Authors: Michael Cunningham
Tags: #Fiction - General, #New York (N.Y.), #General, #Literary, #American Contemporary Fiction - Individual Authors +, #Fiction
Particulars vary. Tonight there is Elena Petrova, their hostess (her husband is always away somewhere, probably best not to ask what he’s doing), smart and noisy and defiantly vulgar (an ongoing debate between Peter and Rebecca—does she
know
about the jewelry and the lipstick and the glasses, is she making a
statement
, how could she be this rich and intelligent and
not
know?); there is the small, very good Artschwager and the large, pretty good Marden and the Gober sink, into which some guest—never identified—once emptied an ashtray; there is Jack Johnson seated in waxy majesty on a loveseat beside Linda Neilson, who speaks animatedly into the arctic topography of Jack’s face; there is the first drink (vodka on the rocks; Elena serves a famously obscure brand she has shipped in from Moscow—really, can Peter or anyone tell the difference?), followed by the second drink, but not a third; there is the insistent glittery buzz of the party, of enormous wealth, always a little intoxicating no matter how familiar it becomes; there is the quick check on Rebecca (she’s fine, she’s talking to Mona and Amy, thank God for a wife who can manage on her own at these things); there is the inevitable conversation with Bette Rice (sorry he had to miss the opening, he hears the Inksys are fantastic, he’ll come by this week) and with Doug Petrie (lunch, a week from Monday, absolutely) and with the
other
Linda Neilson (yeah, sure, I’ll come talk to your students, call me at the gallery and we’ll figure out a date); there is peeing under a Kelly drawing newly hung in the powder room (Elena
can’t
know, can she—if she’d hang this in a bathroom she’s got to be serious about her eyeglasses, too); there is the decision to have that third vodka after all; there is the flirtation with Elena—
Hey, love the vodka; Angel, you know you can get it here anytime you like
(he knows he is known, and probably scorned, for working it, the whole hey-I’d-do-you-if-I-had-the-chance thing); there is scrawny, hysterical Mike Forth, standing with Emmett near the Terence Koh, getting drunk enough to start homing in on Rebecca (Peter sympathizes with Mike, can’t help it, he’s been there—thirty years later he’s still amazed that Joanna Hurst
did not love him, not even a little
); there is a glimpse of the improbably handsome hired waiter talking surreptitiously on his cell in the kitchen (boyfriend, girlfriend, sex for hire—at least the kids who serve at these things have a little mystery about them); then back to the living room where—oops—Mike has managed to corner Rebecca after all, he’s talking furiously to her and she’s nodding, searching for the rescue Peter promised her; there is Peter’s quick check to make sure no one has been ignored; there is the goodbye conversation with Elena, who’s sorry she missed seeing the Vincents (
Call me, there are a few other things I’d love to show you
); there is the strangely ardent goodbye from Bette Rice (something’s up); the claiming of Rebecca (
Sorry, I’ve got to take her away now, see you soon, I hope
); the panicky parting grin from Mike, and goodbye goodbye, thank you, see you next week, yeah, absolutely, call me, okay, goodbye.
Another cab, back downtown.
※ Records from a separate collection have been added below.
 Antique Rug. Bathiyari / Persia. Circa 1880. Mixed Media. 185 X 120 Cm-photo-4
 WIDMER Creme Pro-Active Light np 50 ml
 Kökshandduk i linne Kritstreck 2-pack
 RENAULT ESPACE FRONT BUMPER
Peter thinks sometimes that at the end, whenever it comes, he will remember riding in cabs as vividly as he recalls anything else from his earthly career. However noxious the smells (no air freshener this time, just a minor undercurrent of bile and crankcase oil) or how aggressively inept the driving (one of those accelerate-and-brake guys, this time), there is that sense of enclosed flotation; of moving unassaulted through the streets of this improbable city.
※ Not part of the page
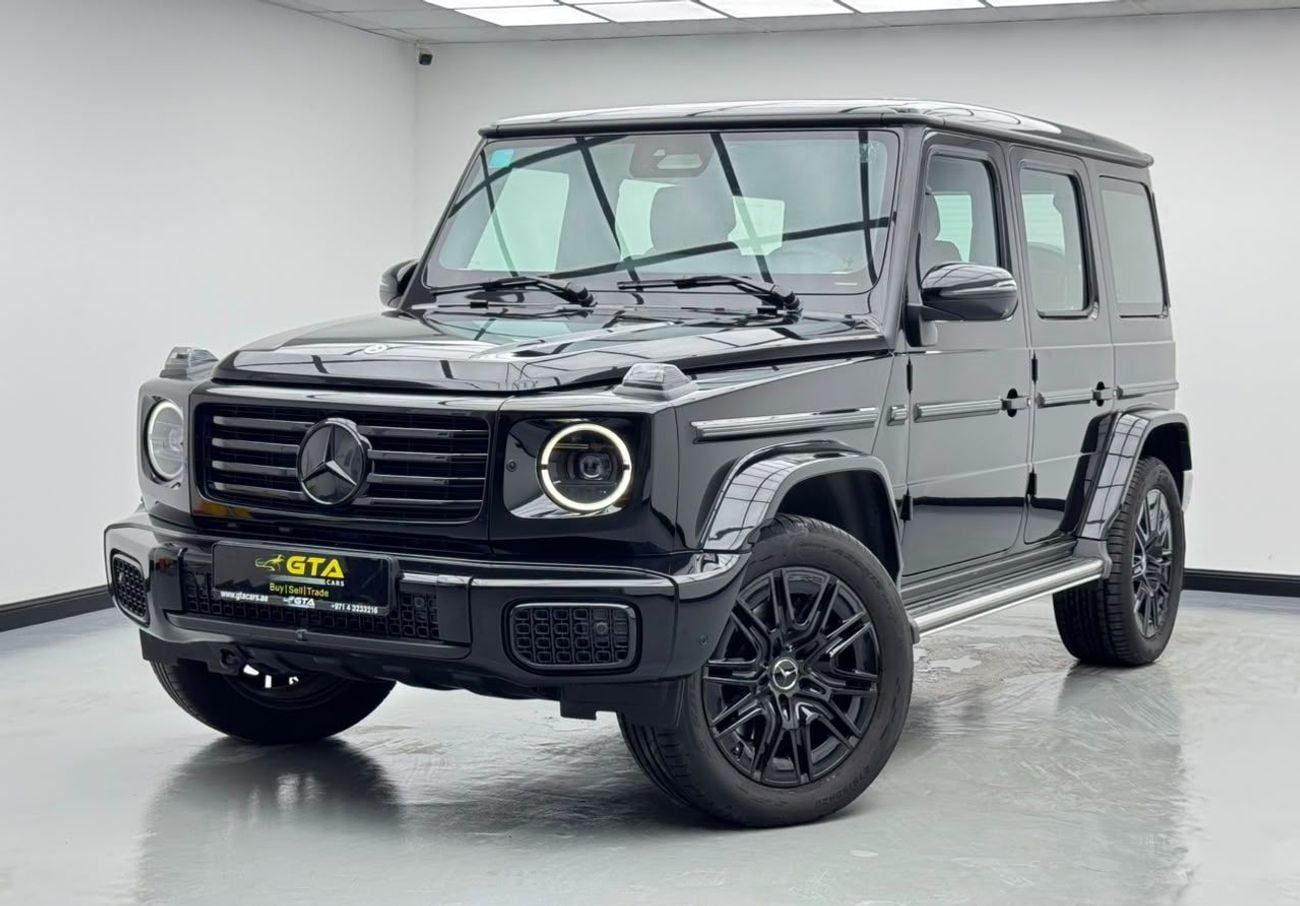 Mercedes-Benz G Class 2025 — DubiCars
They are crossing Central Park along Seventy-ninth Street, one of the finest of all nocturnal taxi rides, the park sunk in its green-black dream of itself, its little green-gold lights marking circles of grass and pavement at their bases. There are, of course, desperate people out there, some of them refugees, some of them criminals; we do as well as we can with these impossible contradictions, these endless snarls of loveliness and murder.
Rebecca says, “You didn’t save me from Hurricane Mike.”
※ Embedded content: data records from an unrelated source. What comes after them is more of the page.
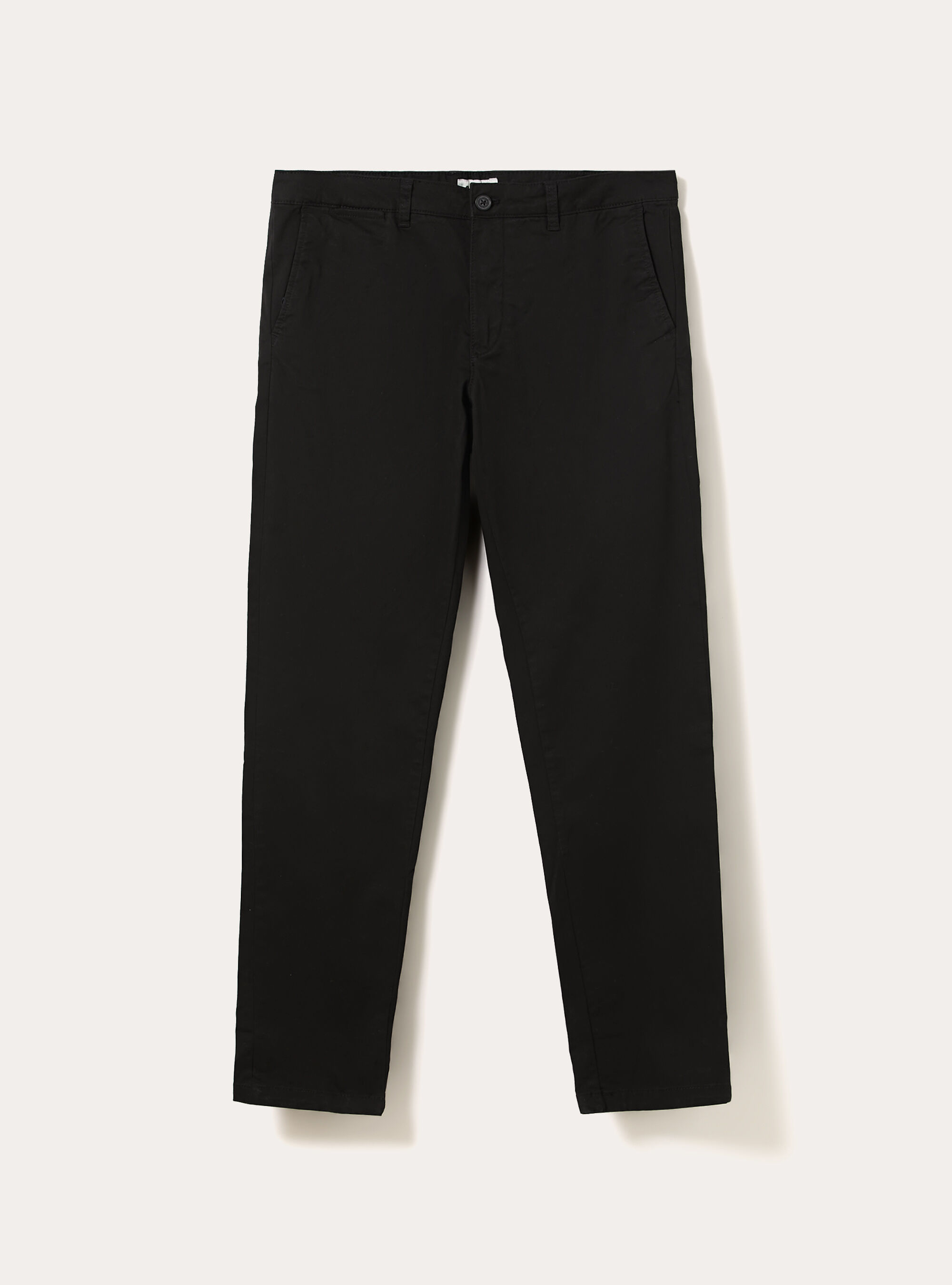 Skinny fit stretch twill chinos, BK1 BLACK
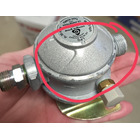 Détendeur Gaz 30 Mbar Pour 1 Bouteille - Caravane Et Camping-car (Butane/Propane)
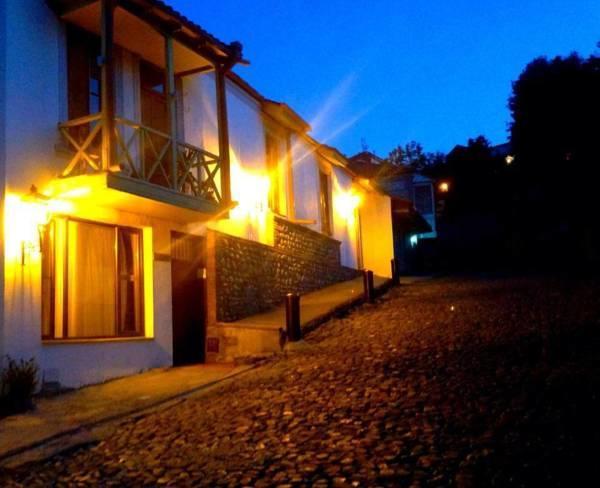Lelis Guest House Sighnaghi Extérieur photo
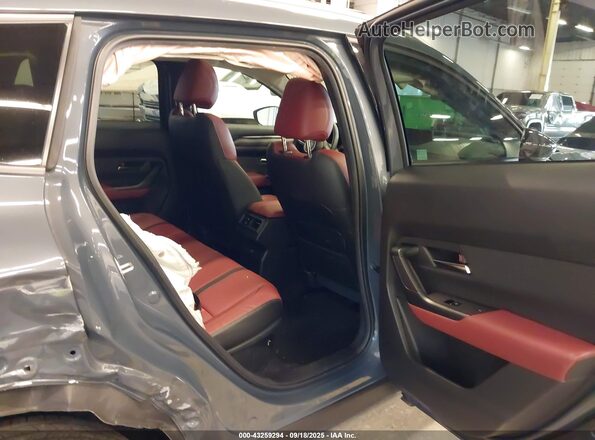 7MMVAAEW1SN115167 2025 MAZDA CX-50 HYBRID Blue VIN კოდის სტიკერის ხედი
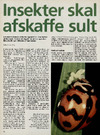 Insekter skal afskaffe sult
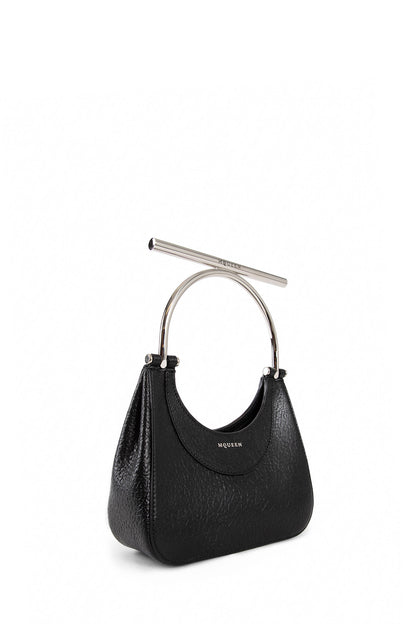 ALEXANDER MCQUEEN WOMAN BLACK MINI BAGS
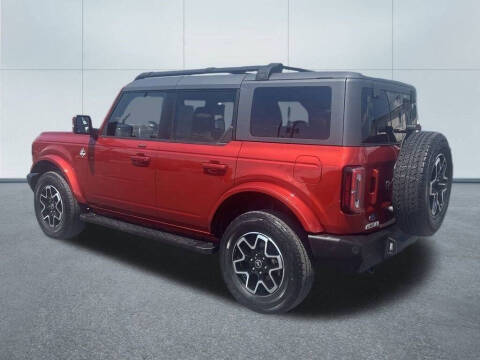 2022 Ford Bronco Outer Banks Advanced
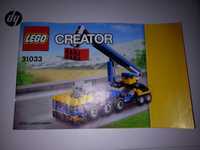 Sprzedam oryginalną instrukcję Lego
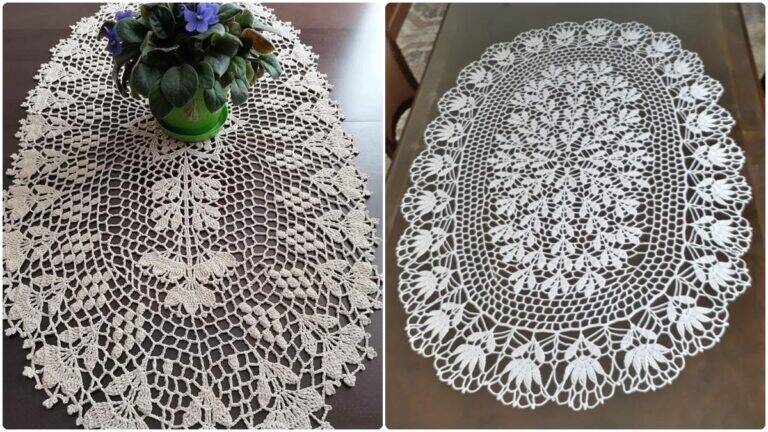 Centros de Mesa em Crochê: Guia Completo para Iniciantes!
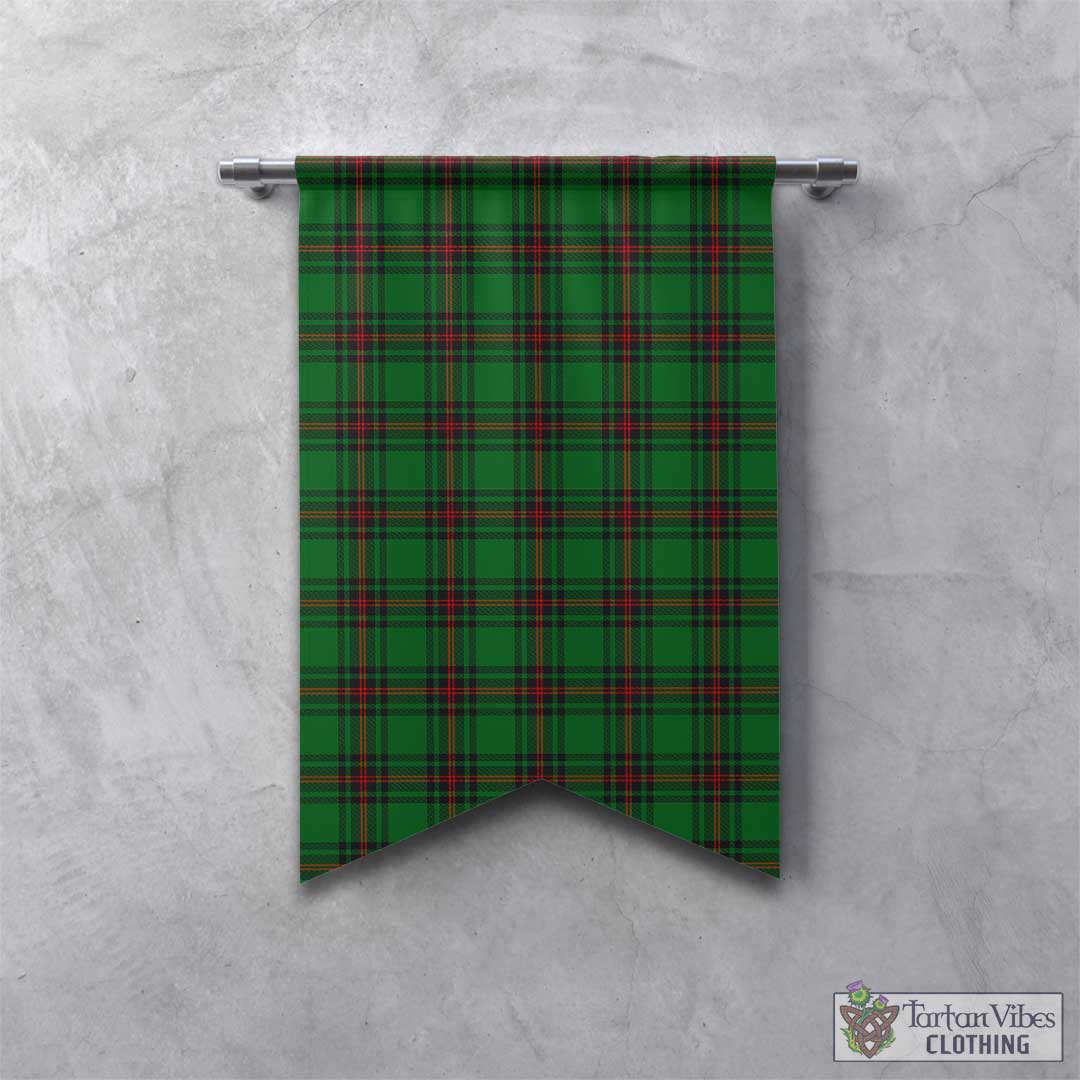 Kinloch Tartan Gonfalon, Tartan Banner - Tartan Vibes Clothing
“Hey, I wrested you away the second I saw you with him.”
She’s sitting inwardly, hugging her own shoulders though there’s not even a hint of cold.
She says, “I know you did.”
But still, he has failed her, hasn’t he?
He says, “Something seems to be going on with Bette.”
“Rice?”
How many
other
Bettes were at the party? How much of his life is devoted to answering these obvious little questions; how much closer does he move to a someday stroke with every fit of mini-rage over the fact that Rebecca has not been paying attention, has not been
with the goddamned program
?
“Mm-hm.”
“What, do you think?”
“I have no idea. Something about when she said goodbye. I felt something. I’ll give her a call tomorrow.”
“Bette’s at an age.”
“As in, menopause?”
“Among other things.”
They thrill him, these little demonstrations of womanly certainty. They’re right out of James and Eliot, aren’t they? We are in fact made of the same material as Isabel Archer, as Dorothea Brooke.
The cab reaches Fifth Avenue, turns right. From Fifth Avenue the park regains its aspect of dormant nocturnal threat, of black trees and a waiting, gathering
something.
Do the billionaires who live in these buildings ever feel it? When their drivers bring them home at night, do they ever glance across the avenue and imagine themselves safe, just barely, for now, from a wildness that watches with long and hungry patience from under the trees?
“When is Mizzy coming?” he asks.
“He said sometime next week. You know how he is.”
“Mm.”
Peter does, in fact, know how he is. He’s one of those smart, drifty young people who, after certain deliberations, decides he wants to do Something in the Arts but won’t, possibly can’t, think in terms of an actual job; who seems to imagine that youth and brains and willingness will simply summon an occupation, the precise and perfect nature of which will reveal itself in its own time.
This family of women really ruined the poor kid, didn’t they? Who could survive having been so desperately loved?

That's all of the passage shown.